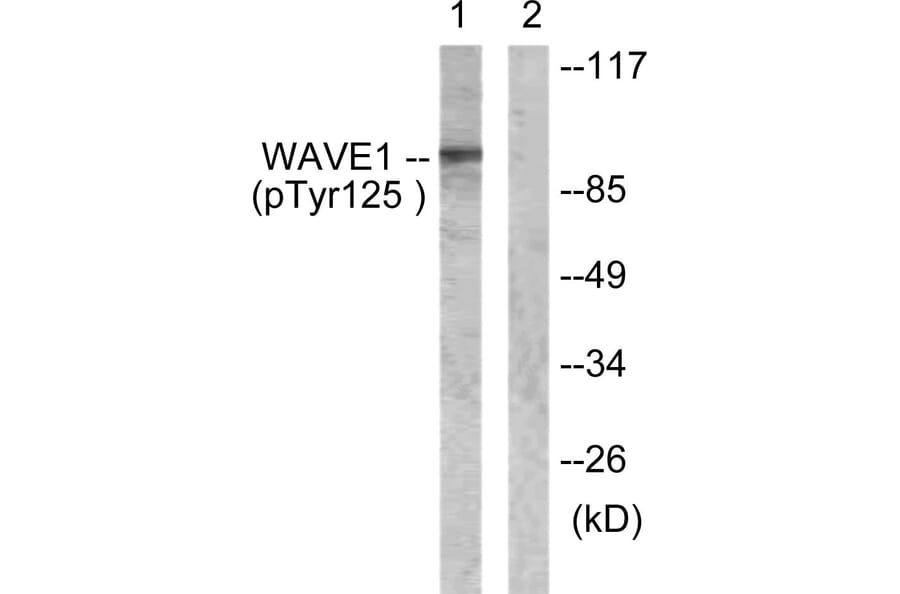 Western blot - WAVE1 (Phospho-Tyr125) Antibody from Signalway Antibody (12156) - Antibodies.com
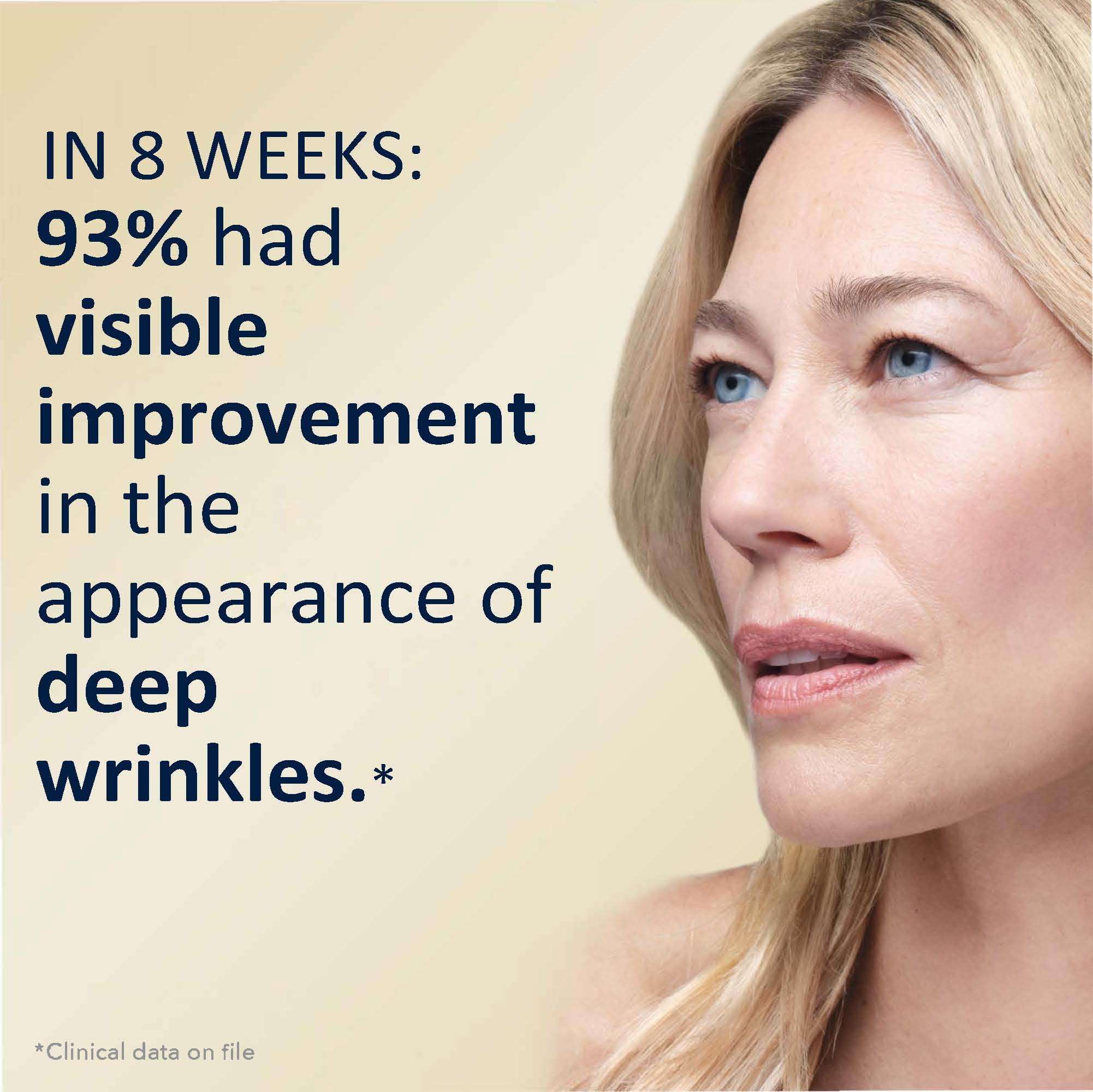 RoC Retinol Correxion Deep Wrinkle Night Cream,30 ml 3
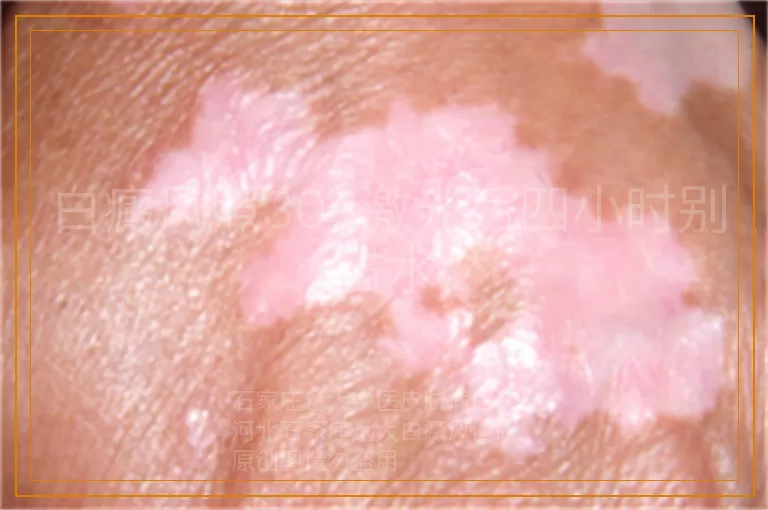 白癜风照308激光后四小时别沾水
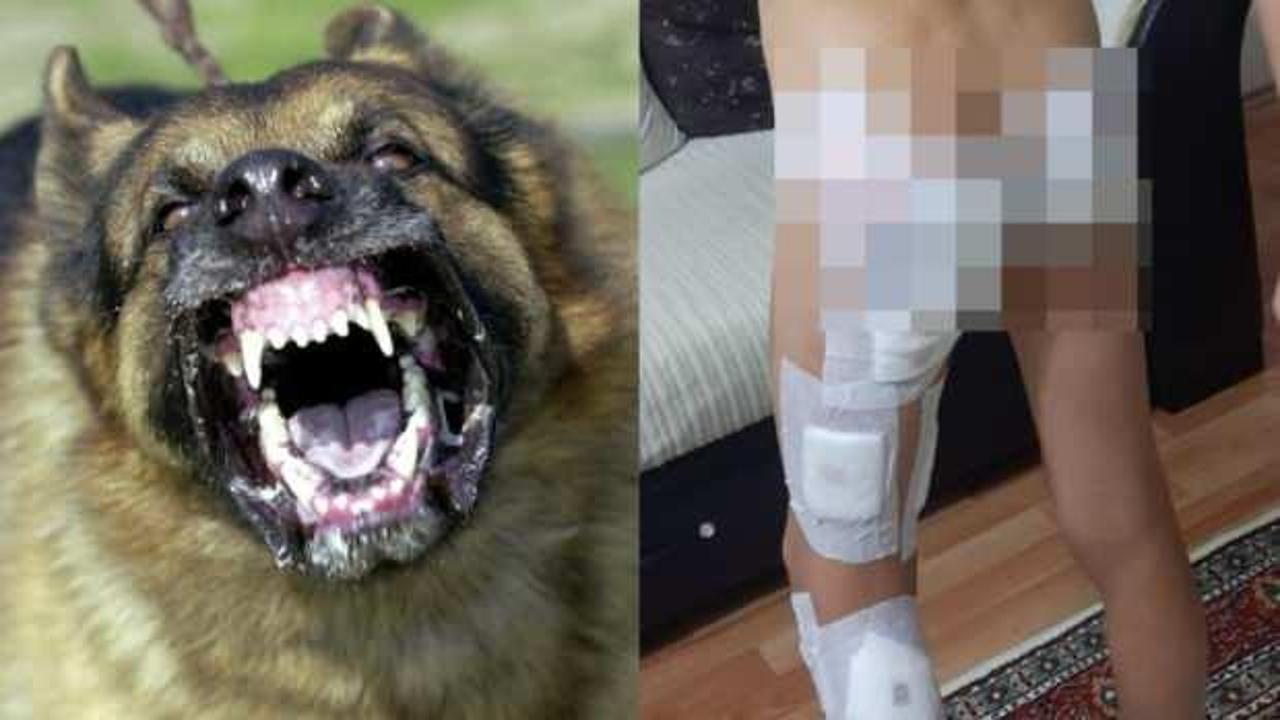 Başıboş köpek terörü bitmek bilmiyor! Küçük çocuğa dehşeti yaşattılar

--

# GOAL OF THE EXERCISE
Skip the images and set down the rest of the data unchanged.

# FINISHED EXERCISE
 Western blot - WAVE1 (Phospho-Tyr125) Antibody from Signalway Antibody (12156) - Antibodies.com
 RoC Retinol Correxion Deep Wrinkle Night Cream,30 ml 3
 白癜风照308激光后四小时别沾水
 Başıboş köpek terörü bitmek bilmiyor! Küçük çocuğa dehşeti yaşattılar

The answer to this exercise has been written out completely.